The Subgroup considers that the current 300-fold uncertainty factor should remain and provides sufficient reassurance in the light of remaining uncertainties relating to reproductive toxicity. However, the remaining critical data gaps and uncertainties mean that the FSA’s application of a careful approach, which states CBD should not be consumed by pregnant or breastfeeding women, children, prospective parents trying for a baby, by people taking medication and those who are immunosuppressed, still stands. There is no new evidence that would justify a change in this position and, as such, these groups should continue to be regarded as potentially vulnerable groups.

The Subgroup affirms that the aforementioned caveats, vulnerabilities and the issue of total body burden, support the 2023 recommendations from the ACNFP/COT Subgroup and the resulting FSA consumer guidance, irrespective of the results presented within the ANSES proposal.
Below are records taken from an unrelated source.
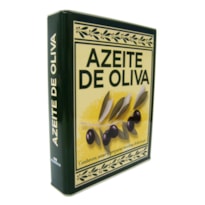 AZEITE DE OLIVA: CONHECER, AMAR, COZINHAR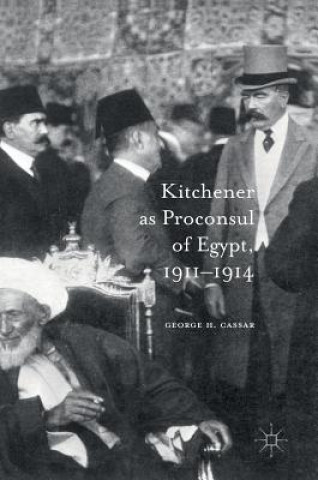 Buch Kitchener as Proconsul of Egypt, 1911-1914 George. H. Cassar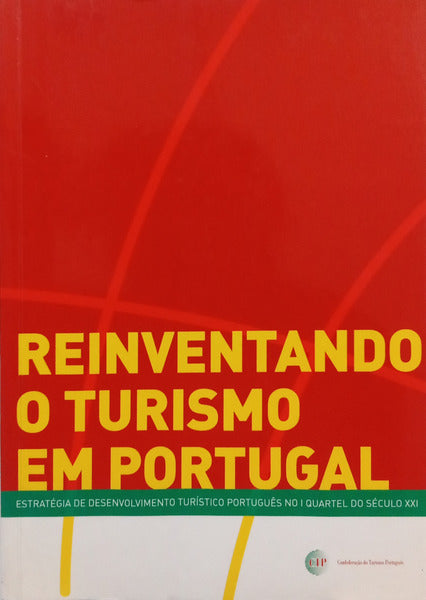REINVENTANDO O TURISMO EM PORTUGAL. [1.ª EDIÇÃO]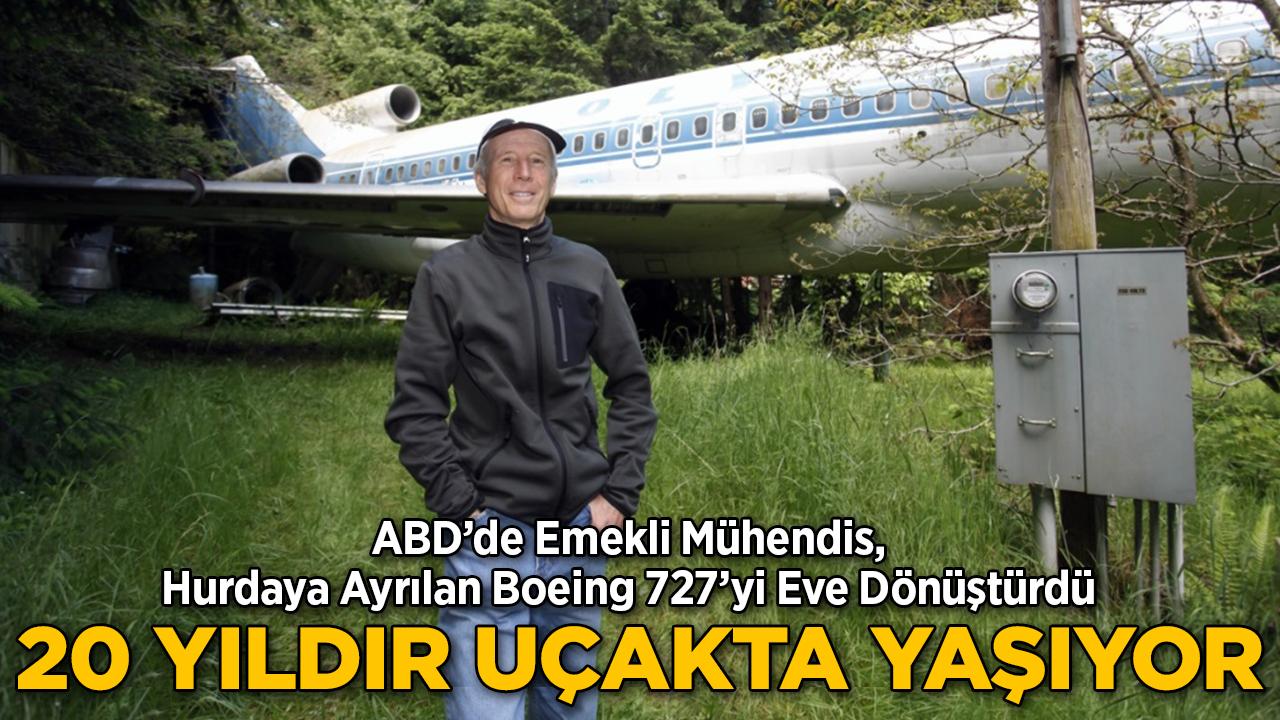Yolcu Uçağını Ormana Taşıyıp Ev Yaptı! 20 Yıldır İçinde Yaşıyor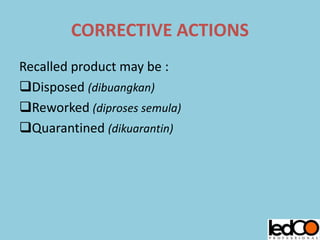 CORRECTIVE ACTIONS
Recalled product may be :
Disposed (dibuangkan)
Reworked (diproses semula)
Quarantined (dikuarantin)
 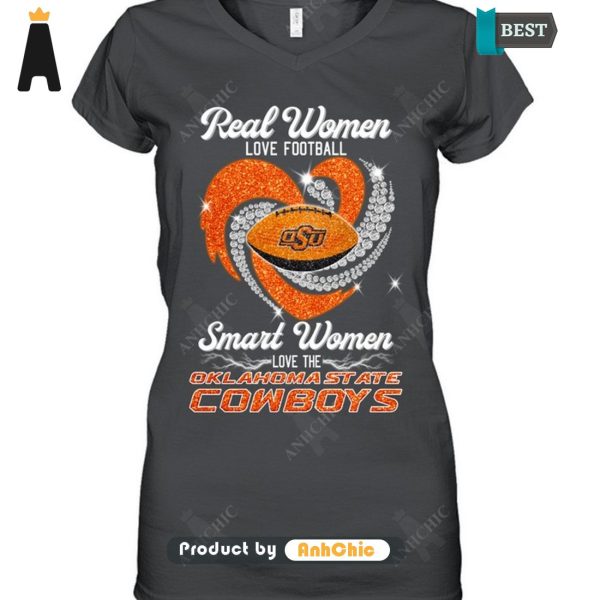 [AVAILABLE] Real Women Loves Football Smart Women Loves The Klahoma State Cowboys Limitted Edition T-Shirt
Therefore, it was the Subgroup’s view that the provisional ADI should remain unchanged, alongside existing advice that underpins FSA advice to consumers that pregnant and breastfeeding women, and people taking any prescription medication, should avoid the consumption of CBD if possible. Consumers on regular medications should seek advice from a medical professional before using any type of CBD food product. In addition, children, prospective parents trying for a baby, and those who are immunosuppressed are advised against consumption of CBD due to remaining data gaps and residual uncertainties concerning the safety of CBD for these groups of consumers.